Baruch Tenembaum, juif, né en Argentine, et à l’origine de la Fondation Wallenberg et du Comité Angelo Roncalli, évoque pour Zenit l’état actuel des relations entre juifs et chrétiens, au moment où il est en visite en Israël.

La Fondation Raoul Wallenberg veut garder la mémoire de ce diplomate suédois en poste en Hongrie, né en 1912 et vraisemblablement mort le 17 juillet 1947, dans la prison soviétique de Lefortovo. Il était arrivé en Hongrie en 1944 à l’instigation du War Refugee Board américain. Il sauva la vie de dizaines de milliers de juifs persécutés par la haine nazie.

Le Comité Angelo Roncalli reconnaît l’action de diplomates qui, à l’instar du nonce apostolique en Turquie, le futur Jean XXIII, ont risqué leur vie pour sauver la vie de juifs pendant la seconde guerre mondiale.

Zenit : Monsieur Tenembaum, votre visite en Israël suscite de nombreuses initiatives…

Baruj Tenembaum: En effet. Nous sommes en train de travailler intensément pour poursuivre l’organisation des événements commémoratifs du 40e anniversaire de la proclamation de « Nostra Aetate » et le 42e anniversaire de la naissance de mouvements de dialogue interreligieux, ainsi que le 70e anniversaire de la mort du plus grand poète de langue hébraïque, Najman Bialik, que j’ai eu l’occasion et le privilège de traduire au cours de mes années d’études comme séminariste (juif) ainsi que d’autres « grands » de la poésie juive comme Uri Zvi Grinberg. Il ne faut pas seulement se souvenir de ceux qui ont sauvé les corps mais aussi de ceux qui tous les jours nous rachètent l’âme.

Zenit : Par un geste inhabituel, le cardinal Walter Kasper, président de la Commission pontificale pour les Relations religieuses avec le judaïsme, consacrera le samedi 10 juillet à la fondation Wallenberg lors de son voyage en Argentine, en dépit de la densité de son programme. Pourquoi?
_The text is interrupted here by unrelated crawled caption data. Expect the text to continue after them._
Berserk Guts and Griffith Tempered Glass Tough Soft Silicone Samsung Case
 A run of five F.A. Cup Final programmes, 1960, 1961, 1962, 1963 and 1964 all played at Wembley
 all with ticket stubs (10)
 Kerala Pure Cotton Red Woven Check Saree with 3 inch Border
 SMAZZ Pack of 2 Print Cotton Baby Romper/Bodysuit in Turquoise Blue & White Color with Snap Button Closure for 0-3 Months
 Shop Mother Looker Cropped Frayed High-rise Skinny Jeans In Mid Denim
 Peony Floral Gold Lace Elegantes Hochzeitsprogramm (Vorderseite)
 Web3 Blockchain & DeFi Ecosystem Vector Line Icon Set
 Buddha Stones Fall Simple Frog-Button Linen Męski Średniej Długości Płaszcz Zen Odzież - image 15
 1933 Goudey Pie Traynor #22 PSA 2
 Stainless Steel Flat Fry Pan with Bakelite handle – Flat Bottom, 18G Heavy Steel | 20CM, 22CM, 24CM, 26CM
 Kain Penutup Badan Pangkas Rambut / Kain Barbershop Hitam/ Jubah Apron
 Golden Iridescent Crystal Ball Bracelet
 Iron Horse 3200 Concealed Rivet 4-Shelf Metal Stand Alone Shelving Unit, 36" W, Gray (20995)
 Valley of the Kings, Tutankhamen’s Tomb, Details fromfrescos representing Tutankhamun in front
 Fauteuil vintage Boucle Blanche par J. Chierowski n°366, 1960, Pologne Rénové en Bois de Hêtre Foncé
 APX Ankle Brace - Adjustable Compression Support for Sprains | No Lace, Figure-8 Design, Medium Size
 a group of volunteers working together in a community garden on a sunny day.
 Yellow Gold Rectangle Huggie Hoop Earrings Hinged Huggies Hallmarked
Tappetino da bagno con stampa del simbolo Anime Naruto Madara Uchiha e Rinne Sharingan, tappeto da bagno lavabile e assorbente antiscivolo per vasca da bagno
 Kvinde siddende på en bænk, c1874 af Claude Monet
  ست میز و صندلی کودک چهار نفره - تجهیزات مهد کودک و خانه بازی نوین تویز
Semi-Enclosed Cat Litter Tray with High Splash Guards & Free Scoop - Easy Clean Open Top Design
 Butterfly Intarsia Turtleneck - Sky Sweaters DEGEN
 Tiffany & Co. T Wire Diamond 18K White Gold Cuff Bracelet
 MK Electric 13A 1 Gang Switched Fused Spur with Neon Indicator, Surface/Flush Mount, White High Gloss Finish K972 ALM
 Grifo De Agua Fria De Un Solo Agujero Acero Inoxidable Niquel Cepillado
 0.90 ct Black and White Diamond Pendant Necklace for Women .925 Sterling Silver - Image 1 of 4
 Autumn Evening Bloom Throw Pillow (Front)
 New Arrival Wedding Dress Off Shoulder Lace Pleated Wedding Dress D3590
Baruj Tenembaum: Le matin du samedi 10 juillet, on inaugurera la salle du jardin d’enfants «Monseigneur Angelo Roncalli». La cérémonie sera présidée par le cardinal Walter Kasper. L’événement aura lieu au Centre communautaire Raoul Wallenberg, siège du mouvement des Travailleurs chômeurs de La Matanza (MTDLM), dans un quartier très pauvre de la province de Buenos Aires. On donnera du matériel scolaire et des vêtements. Dans le complexe scolaire, qui porte le nom de Raoul Wallenberg, il existe depuis le 14 mai 2004, un jardin d’enfants et d’autres entreprises de production comme une boulangerie, un atelier de sérigraphie, une imprimerie, un atelier de couture et une école professionnelle.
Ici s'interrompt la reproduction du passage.